Kellwood shares dropped 15.08 percent, or $4.24, to close at $23.87 in New York Stock Exchange trading.

The $2.6 billion company's decision announced Wednesday could also put 1,800 Kellwood employees in the U.S. and overseas out of work.

Lazard Capital Markets analyst Todd Slater downgraded the stock to "sell" on its "sagging outlook" from its previous "hold" rating. He noted that Kellwood also cut its earnings guidance by 40 percent on shortfalls at core/new brands, such as Sag Harbor, Calvin Klein and O Oscar.

As for the restructuring and shedding of three of 14 divisions and smaller brands, Slater wrote in a research note, "Kellwood is taking impressive and necessary steps in streamlining its operations, but the fruits of these efforts could take years to unfold."

The analyst said there could also be further risk to revenue in 2006, as department store consolidation progresses into a more advanced stage. He cited Federated Department Stores' acquisition of May Department Stores and the closure or sale of 68 doors, as well as the sale of Saks Inc.'s northern department store group — Carson Pirie Scott, Boston Stores and Herberger's — as another event that could "result in further unit closings and supplier dislocation."

Frederick Schmitt, vice president of the Sage Group, an investment banking firm in Los Angeles, said Kellwood's decision to shut businesses would lead to greater profitability.

"It's the right move for Kellwood. It's necessary for them to improve their profit margins and this is a good place to start." As for the brands being disposed, he said, "They're money-losing brands. Kellwood needs to migrate toward brands with higher gross margins. It's my estimate that these brands generate the lowest gross margins within the Kellwood company."

Some industry consultants said Kellwood needs to focus on the type of company it wants to be.
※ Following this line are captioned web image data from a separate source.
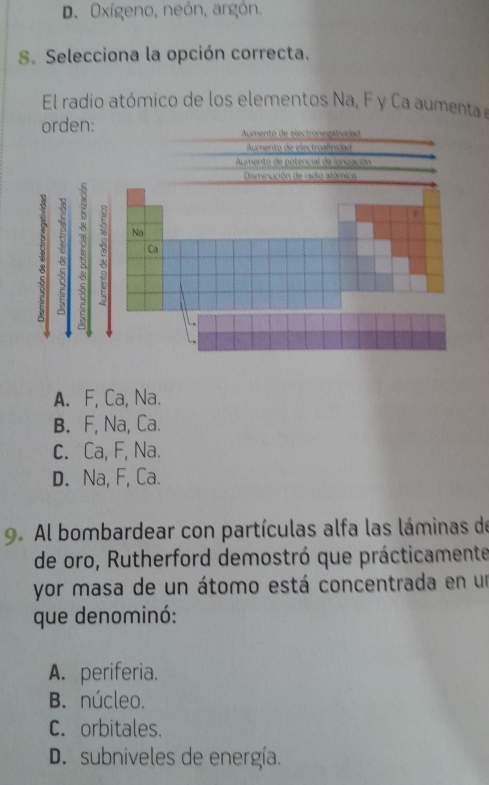 D. Oxígeno, neón, argón.
8. Selecciona la opción correcta.
El radio atómico de los elementos Na, F y Ca aumenta e
orden: Aumento de electronegatividad
Aumento de electreafinitian
Aumento de potencial de ionización
Disminución de radio atómico
R
8 Na
Ca
A. F, Ca, Na.
B. F, Na, Ca.
C. Ca, F, Na.
D. Na, F, Ca.
9. Al bombardear con partículas alfa las láminas de
de oro, Rutherford demostró que prácticamente
yor masa de un átomo está concentrada en un
que denominó:
A. periferia.
B. núcleo.
C. orbitales.
D. subniveles de energía.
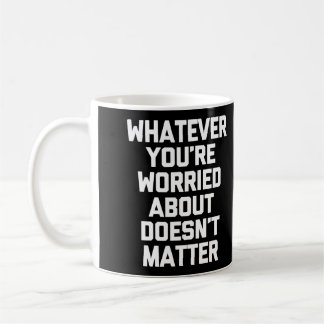 Whatever You'Re Worried About Doesn'T Matter T-Shi Coffee Mug
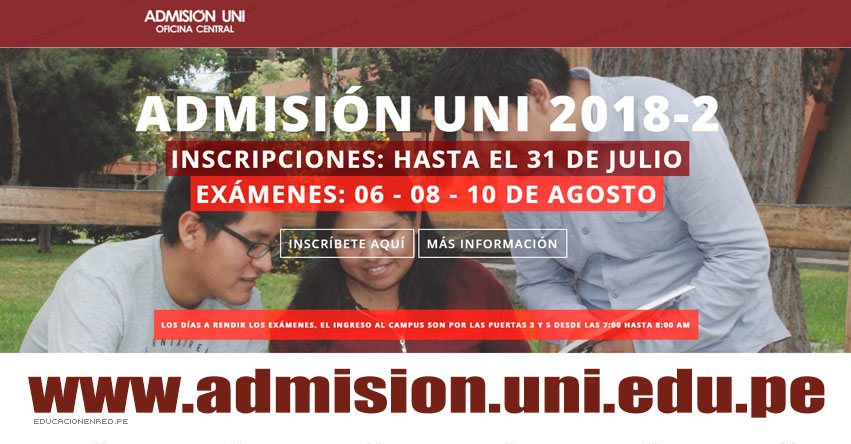 UNI: Admisión 2018-2 (Examen 6, 8, 10 Agosto) Inscripciones hasta el 31 Julio - Universidad Nacional de Ingeniería - www.admision.uni.edu.pe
"It was a very smart, if not essential, strategic move," said Robin Lewis of Robin Lewis Inc., strategic consultant and publisher of the Robin Report. "In [president and chief executive officer] Bob Skinner's own words, it will allow them to better focus on building a top branded apparel company — and I might add this will also allow them to better focus on and leverage their considerable supply chain skills more efficiently and effectively."